Both Mark and Jon recognised the need for a book that could be used by both practitioners currently working in communications and students looking to break through. The textbook-like format the pair have created combines their know-how with other pieces of research to investigate topics such as storytelling, competencies and measurements. The book finishes by talking about today’s podcast topic, communicating change and where the industry is heading.
The connection between communicating change and internal comms
After Craig draws upon his own experiences of communicating change in internal comms, Jon begins to look more closely at some of the reasons for why the two are linked. From the rise of the internet and social media to a shift in stakeholder and customer needs, Jon says that the comms industry has undergone a transformation in recent times. He believes this is the sector’s only constant.
“The last 20 years may have seen more change in the industry than the previous century,” Jon said.
All of this has helped accelerate the professionalisation of internal comms according to Mark, which he says is an essential part of any successful organisation. Be it a digital change, a cultural development or a shift in working arrangements, these are always occurring.
The problem for managers and HR representative is they are ‘jumping in the deep end with both feet’ when it comes to learning about and practicing change management. Mark draws upon the distinction between this and change management communication. He says often those in internal comms end up being the drivers of these developments because there is no specific discipline for this in most organisations.
This is something which is becoming more prevalent now however, as HR people and managers look to become further educated in this. Communicators can benefit from this as well, as they can assess the speed and efficiency of their comms channels using the same disciplines as their change management counterparts.
“There is now an inexplicable link between the importance of change and the importance of employee communications,” Mark said.
Following on from this, he explains why change and communication are so intertwined. Mark says both should be viewed holistically as they always involve people. Communication is what drives these people to understand and believe in this change.
Training and development is another component of communicating change which is vital to making it possible. Giving employees the means to get behind a change can only go so far says Mark, with knowledge and skills being the driving forces after this. Reinforcing this change with multiple communications is also important for this, with Mark saying it is ‘the thread that binds all these efforts’ together.
Jon adds to this by discussing how research can play a role in helping the change process. Pulse surveys, both internal and external, are examples of this as they can help guide the effort and better serve an organisation’s employees. He believes that businesses are now one of the most trusted groups for communications, far more than the media. This gives them a chance to fill what Craig describes as a ‘vacuum of trust’.

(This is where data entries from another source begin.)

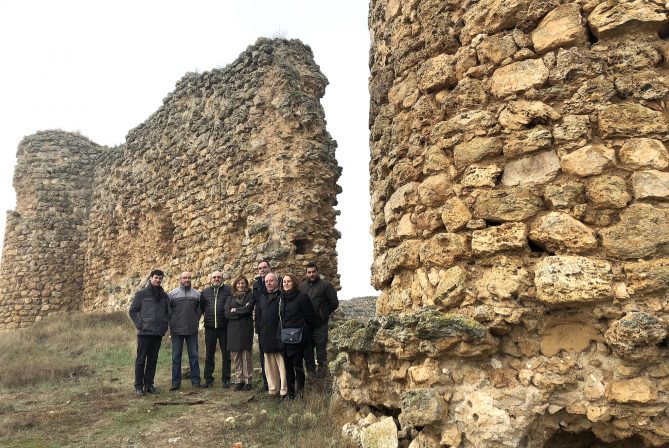 La Villa de Fuentes acogió este fin de semana una jornada de divulgación de las propiedades alimenticias y médicas de la miel de la comarca.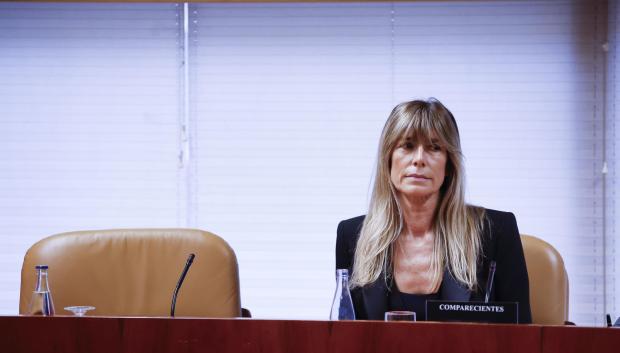 Begoña Gómez, esposa del presidente del gobierno Pedro Sánchez, en la comisión de investigación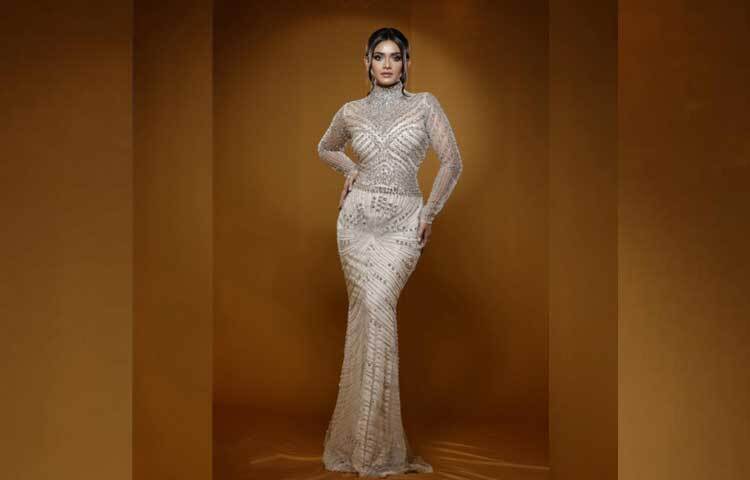 শাড়ি থেকে শুরু করে সালওয়ার কামিজ, লেহেঙ্গা, গাউন বা নানা ধরনের পশ্চিমা ও ফিউশন ঘরানার পোশাকে তিশাকে মানিয়ে যায় অনায়াসে। ছবি: তিশার ফেসবুক থেকে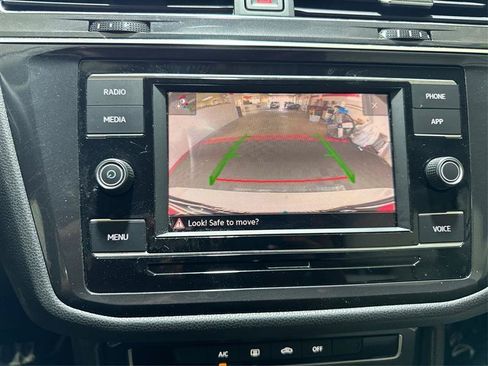 Used 2021 Volkswagen Tiguan S AWD/4WD image 24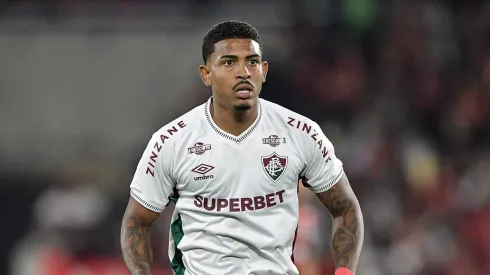 John Kennedy durante confronto contra o Flamengo no Brasileirão 2025.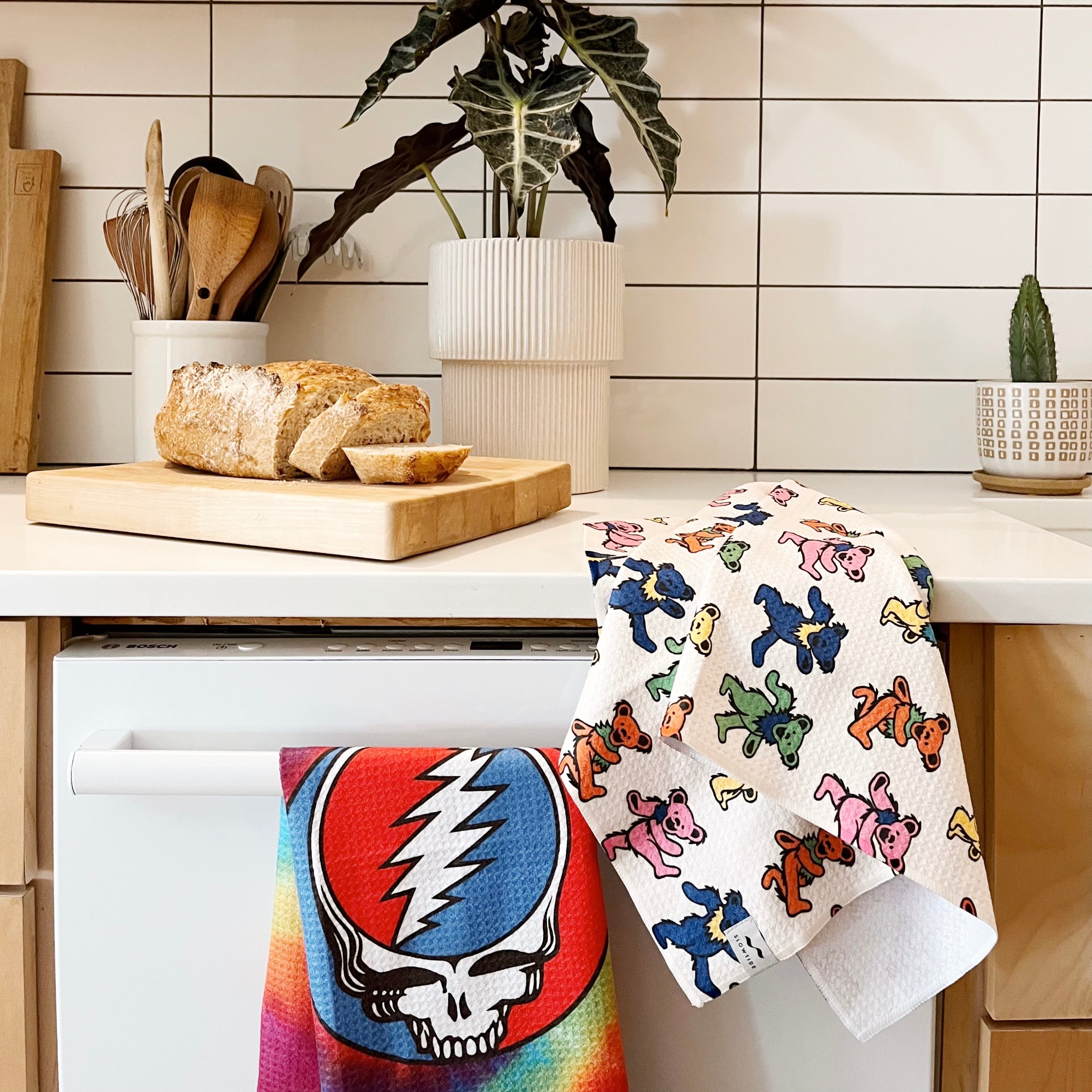 Dancing Bears Quick-Dry Kitchen Towel - Slowtide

Driving personal accountability
Craig draws upon some examples explaining how some of the best change he has seen is that which promotes personal accountability from employees. This is to give them a sense of empowerment and is something Mark agrees with. He admits that this does not often happen on an enterprise level. Those in management positions need to be given the tools to have those direct conversations with their employees, as broad communications on their own simply won’t be as effective.
Furthermore, these is an emotional side to tackling change that needs to be addressed. Communicators need to be connecting the efforts and activities of their teams to the organisation’s broader picture. Storytelling is a good way to tap into this says Mark, as it can help connect all the individual pieces of change to a ‘master narrative’.
The significance of storytelling
Something Jon is constantly telling his students when it comes to using storytelling as a way of communicating change is it must have purpose. Often stories can help reinforce popularity within an organisation, but this means it lacks impact when it comes to onboarding employees.
Through his work within health communication, Jon says he has noticed many organisations not truly listening to their employees and the people they serve. Finding out what these groups want is usually the best place to start when it comes to creating these stories that will really have an influence on them. These should also play into this idea of the organisation’s ‘master narrative’.
“Whether it’s an internal newsletter, for social media or for our websites we as communicators need to have content,” Jon said. “There is always a wealth of content at your fingertips if you’re willing to listen and look for it.”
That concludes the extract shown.